Не помню каким путем, но разговор привел нас к ее уходу от Николая Степановича.

– Три года голода. Я ушла от Гумилевых, ничего с собой не взяв. Владимир Казимирович был болен. Он безо всего мог обходиться, но только не без чая и не без курева. Еду мы варили редко – нечего было и не в чем. За каждой кастрюлькой надо было обращаться к соседям: у меня ни вилки, ни ложки, ни кастрюли.

Я рассказала ей, что в голодные годы меня больше всего унижала обувь, или, точнее, отсутствие ее. Когда мне было лет двенадцать, я зимою, чтобы выйти на улицу, должна была надевать огромные калоши Корнея Ивановича поверх тапочек. Так и шла по улице – в шлепающих, падающих калошах.

– А для меня самым унизительным были спички. Их не было, и я с утра выбегала на улицу у кого-нибудь прикурить.

Оказалось, она любит Гончарова – «Обломова», а «Обрыв» – не любит.

– В «Обломове» есть поток жизни, сплошной, глубокий, плотный, которого у Тургенева никогда не бывало. У Тургенева всегда поверхность, фельетон. А «Обрыв» – неудача: этот роман написан слишком уж прямо в лоб времени. Очевидно, так в искусстве нельзя.

Вошла в комнату – не постучав – Таня, принесла завернутого в одеяло, похудевшего, хмурого Шакалика.

– Хочешь к Ане?

– Не хочу! – и отвернулся.

– Анна Андреевна, подержите его, – сказала Таня. – Я с утра не жрамши.


20 марта 40. Я не была у Анны Андреевны довольно давно. Она звонила несколько раз, но я все не могла вырваться. Наконец сегодня я пошла, и не очень-то удачно: там были люди.

Анна Андреевна сама мне открыла. Губы слегка подкрашены, поверх халата – шаль.

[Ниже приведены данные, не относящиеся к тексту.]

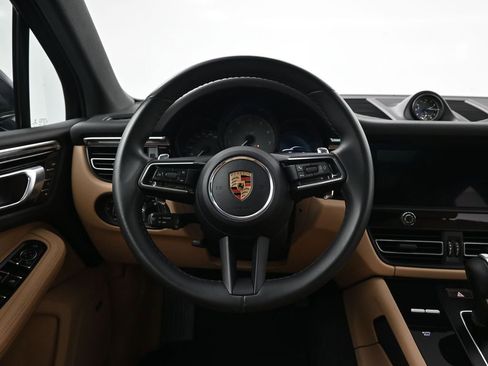 Used 2022 Porsche Macan S image 13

– У меня Осмёркин 52 и Верочка[117].

Анна Андреевна была молчалива и рассеянна, все больше сидела в кресле, раскинув руки. Скоро пришел И., Анна Андреевна без конца ходила в кухню, искала ложки, чашки – на кухне и у себя в шкапу. Наконец все кое-как уселись чай пить. Разговор вертелся вокруг Эрмитажа и Русского музея, развески картин, прочности красок и т. д. Анна Андреевна вытащила из-за шкапа какой-то холст, и все (кроме меня) угадывали: Судейкин это или Григорьев? Осмёркин прочел целую лекцию о манере письма того и другого.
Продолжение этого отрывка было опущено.